Registered: 1505918372 Posts: 1
Reply with quote #1
A senior citizen whom I voluntarily care for from time-to-time, is listed under the protective community guardian program in New York City. She owns and lives in a Manhattan-based co-op appartment, which is fully owned. She has no living family members nor relatives, and has never setup a legal will. I have been a long-term friend, taking care of her for several years. I am listed as her primary contact for all important matters. She is of sane mind and would like to nominate me as the beneficiary of her property when she dies one day. If not, the property will be left to the State. She has agreed to have an attorney meet with her to set up a legal will, and will volunteer the transfer of her property without any coercion. What are the key legal considerations under these cirrcumstances, and what is the legal process to achieve this?

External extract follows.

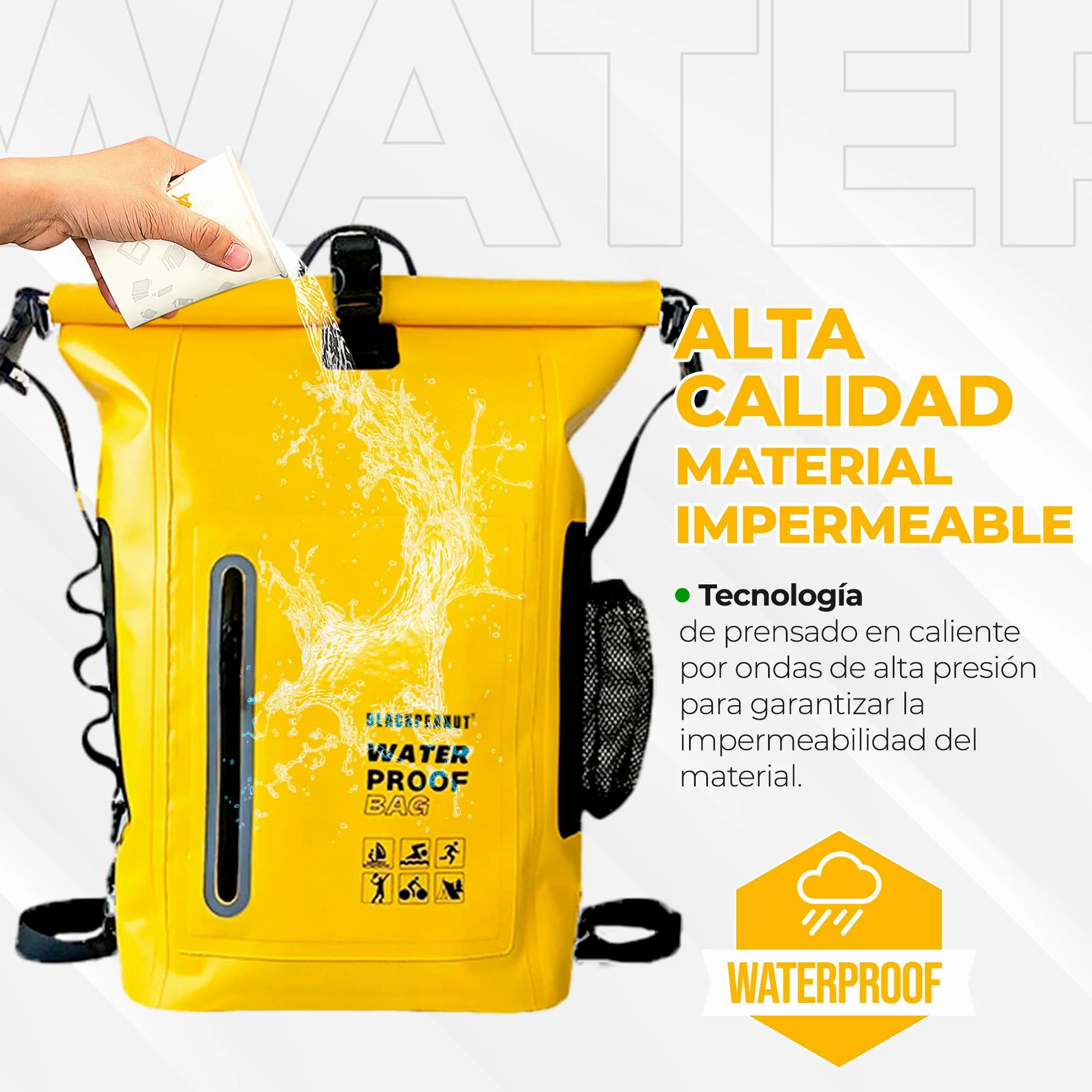 Mochila Estanca 25L Negro Bolsa Seca Impermeable Kayak Playa | Bolsillo exterior para botella, tirantes acolchados, dry bag ligero, pesca, paddle surf, camping y senderismo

Registered: 1169270040 Posts: 3,748
Reply with quote #2
As landlords we can't give legal advise. But you should ask the attorney about this program and how it affects you. You need to know the tax consequences of being a home owner (what is taxable, what is tax deductible, what improvements should or shouldn't you make, what taxes/fees you will owe each year, etc.) What regulations are in place in that area (could you rent it if you need to, any ordinances or HOA/COA guidelines you need to know, what can or cant you do with it).
Registered: 1472494503 Posts: 254
Reply with quote #3
You definitely need to be talking to professionals. I am guessing NYC is crazy on housing laws, so that alone could be a minefield to navigate. On top of that, the taxes alone are worth an hour with a CPA. Another hour with an attorney who knows NYC real estate laws will be more than worth it. The money you will spend on these two professionals will probably save you 10x that money if you were to make a mistake at some point. I would move forward though, I can't imagine that it isn't in your favor, even if you just turned around and sold it.